In his conversation with Andrew Stahl from The Slade School of Fine Art, UCL at Daiwa Foundation House on Thursday, Carl Randall explained how his meticulous paintings evolved from a simple sketch. It might originate from some movements or people’s facial expressions that intrigued him, and then he would make a few quick sketches on the move, and consider the composition. Then over time the quick sketches became more serious sketches, and slowly the overall impression deepened. Finally the characters found their ways into the picture. He would consider the light, tone and texture, making one layer after another. He approached his subject as if he were an outsider, so that he could observe and create, make a documentation of the reality, even if his play on the dimension and proportions of figures betray the artificial nature of a painting.
Listening to his talk, one sees that art is never a coincidence. Talent and perceptiveness are key, of course, but the contents and style come from hard work. Randall conceded that he never used photographs to make portraits, even though he had no intention of making a statement against portraits based on photographs. It just did not appeal to him. He would like to be able to meet his model, speak to him or her, and in those three hours he would observe keenly and feel the model’s presence or personality, pin down his impression of him or her, and to adopt the portrait in the larger urban landscape he was working on.

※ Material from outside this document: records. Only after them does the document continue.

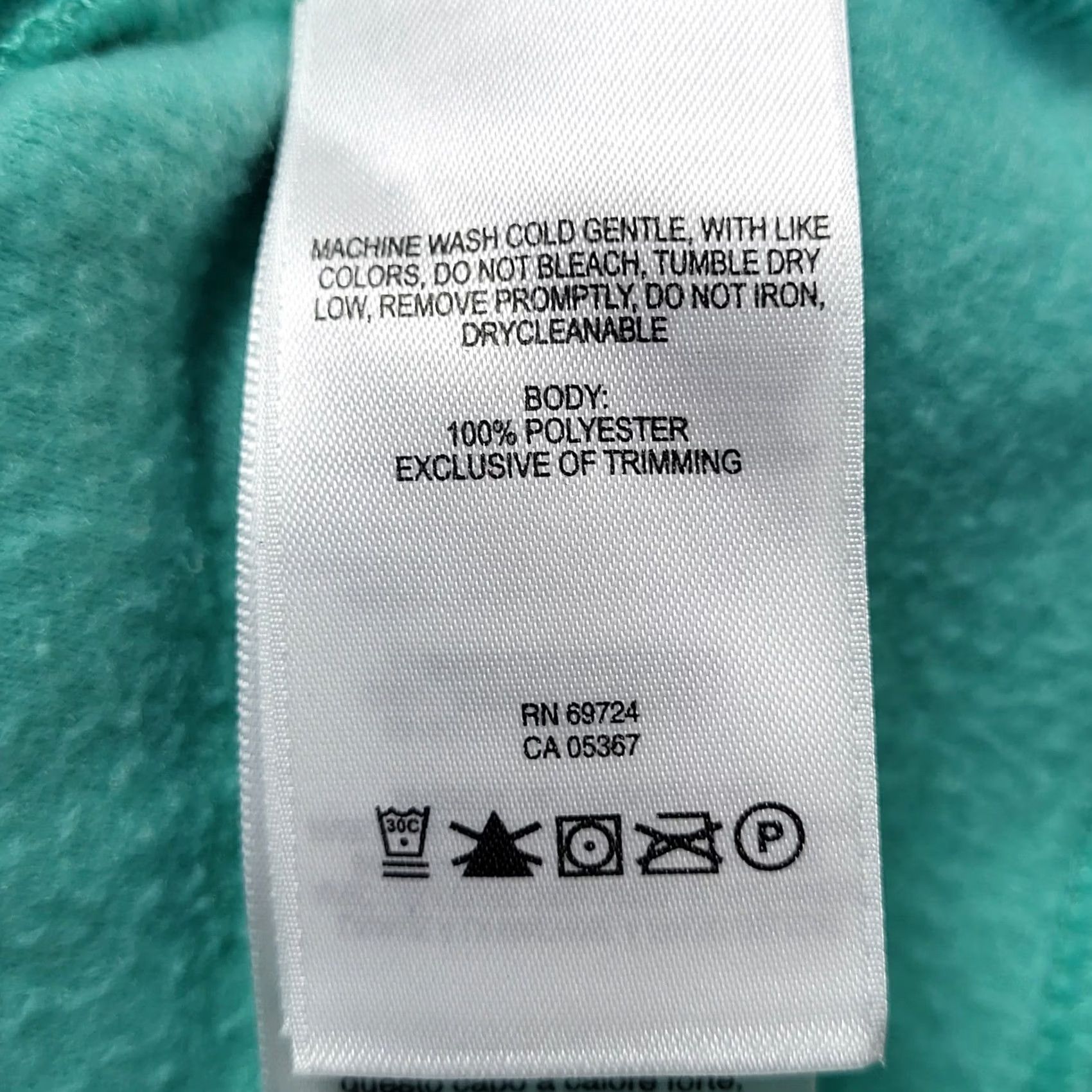 Vintage Columbia Fleece Vest Womens Large Full Zip Sleeveless Turquoise Blue Jacket Vest Blue Zip Pockets Casual Women Size L / US 10 / IT 46 - 6 Thumbnail
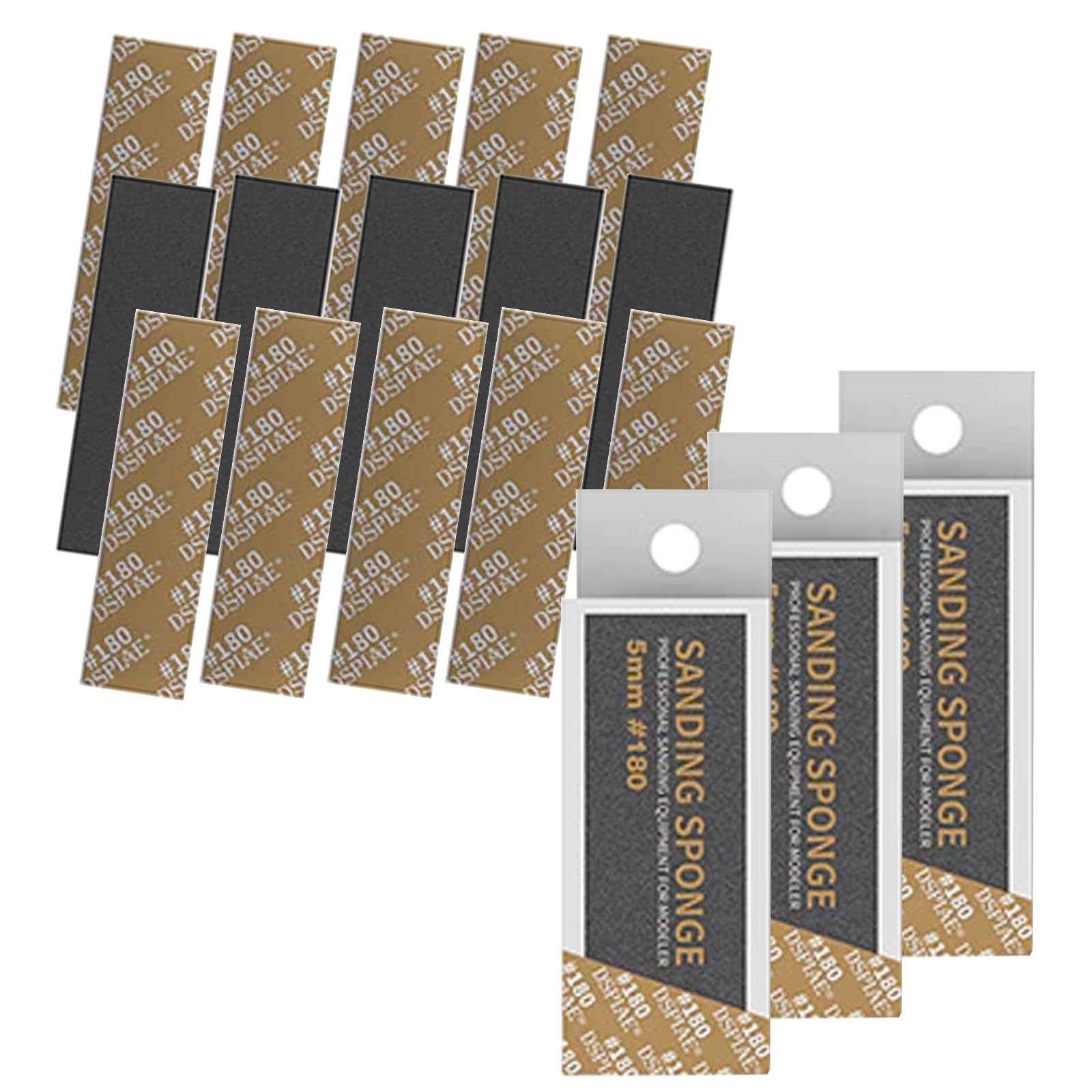 

DSPIAE Набор высокопрочных губчатых напильников 72 мм x 20 мм 5 штук x 3 коробки от Various Winning [Авторизованный продавец] #180 (СС5-180) [Рекомендуемые модели]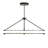 Anillo 1 - Light Brushed Blackened Steel LED Unique/Statement Pendant
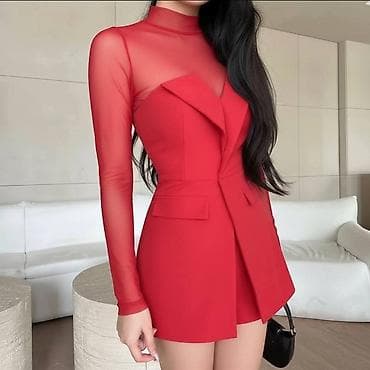 Elegantni ženski kombinezon-mini haljina - Model: kratki kombinezon na lalafo.rs — 2 Elegantni ženski kombinezon-mini haljina - Model: kratki kombinezon — 2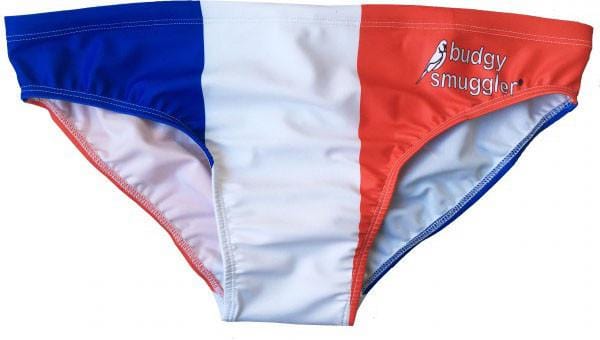 MENS SWIMWEAR FRENCH FLAG DESIGN BUDGY SMUGGLER UK Budgy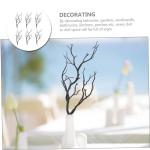 18 STK Halloween-dekorationssimulationsanlage Baumzweige Zur Dekoration Baumzweige Selber Machen Glitzernd Gefälschte Trockene Astdekore Partydekoration Ostern Fallen Black Plasti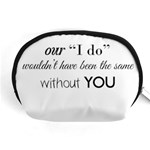 Wedding Favor/Thank You Accessory Pouches (Medium)  Front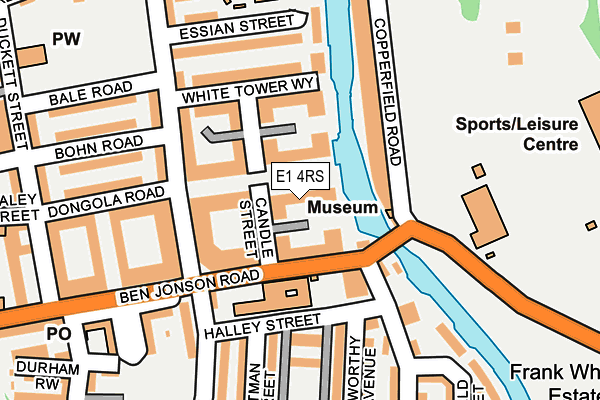 E1 4RS map - OS OpenMap – Local (Ordnance Survey)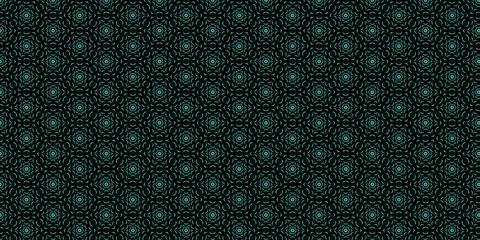 seamless pattern with blue flowers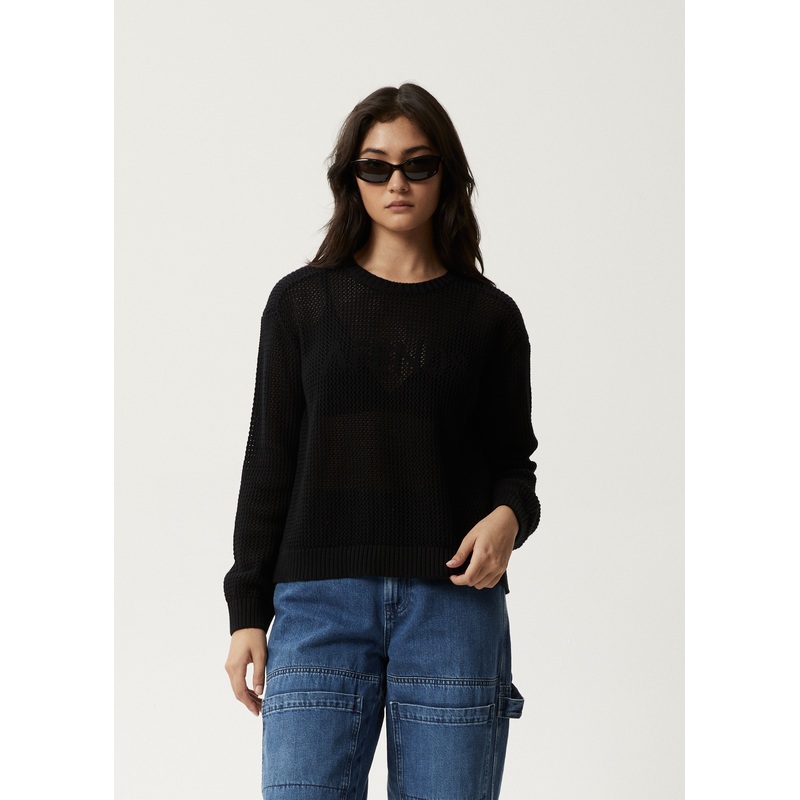 AFENDS Womens Ryder – Knit Jumper – Black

Over the ten years he was in Japan, Randall estimated that he had drawn nearly a thousand faces.
He mentioned Edward Hopper as an influence. I have always felt a vague hint of Hopper in his work: the distance between individuals in a familiar yet slightly surreal urban landscape, the unflattering palette of reality, the way time seems to have frozen in the poetic moment, the impossibility to know someone or tell what they feel from just gleaning the surface, and how the mood of an individual seems to enter the colours, the lights, the environment. He said he liked Japan and found it a very calm, orderly city, and though the city is incredibly busy, filled with movements and skyscrapers and neon lights, it is a place where lost things are found.
Stahl asked Randall how he thought about the discipline of the artist. The key, according to Randall, is to treat your work as a job. “You have to get on with it, every single day, otherwise nothing gets done really.”